摘要

The sparse matrix-vector multiplication (SpMV) is of great importance in scientific computations. Graphics processing unit (GPU)-accelerated SpMVs for large-sized problems have attracted considerable attention recently. We observe that on a specific multi-GPU platform, the SpMV performance can usually be greatly improved when a matrix is partitioned into several blocks according to a predetermined rule and each block is assigned to a GPU with an appropriate storage format. This motivates us to propose a novel multi-GPU parallel SpMV optimization framework, which involves the following parts: (1) a simple rule is defined to divide any given matrix among multiple GPUs; (2) a performance model, which is independent of the problems and dependent on the resources of devices, is proposed to accurately predict the execution time of SpMV kernels; and (3) a selection algorithm is suggested to automatically select the most appropriate one from the storage formats that are involved in the framework for the matrix block that is assigned to each GPU on the basis of the performance model. The objective of our framework does not construct a new storage format or algorithm but automatically and rapidly generates an optimally parallel SpMV for any sparse matrix on a specific multi-GPU platform by integrating the existing storage formats and their corresponding kernels. We take 5 popular storage formats, for example, to present the idea of constructing the framework.

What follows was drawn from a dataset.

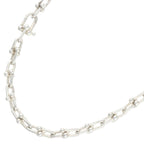 Tiffany & Co Small Link Silver Necklace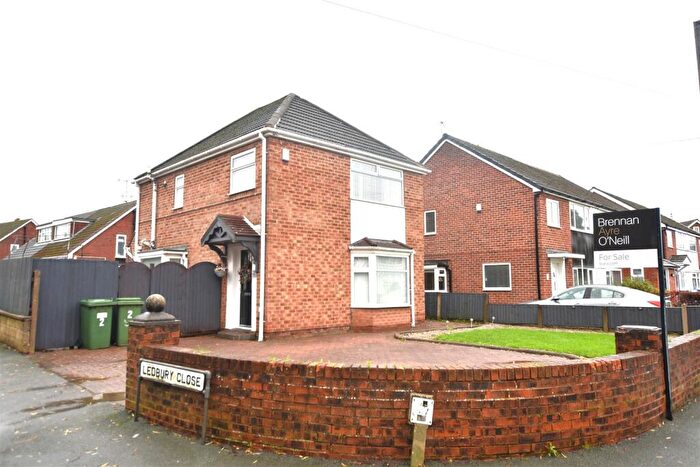 3 Bedroom Detached House For Sale In Ledbury Close, Prenton, CH43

Theoretically, we validate the correctness of our proposed SpMV performance model. This model is constructed only once for each type of GPU. Moreover, this framework is general and easy to be extensible. For a storage format that is not included in our framework, once the performance model of its corresponding SpMV kernel is successfully constructed, it can be incorporated into our framework. The experiments validate the efficiency of our proposed framework.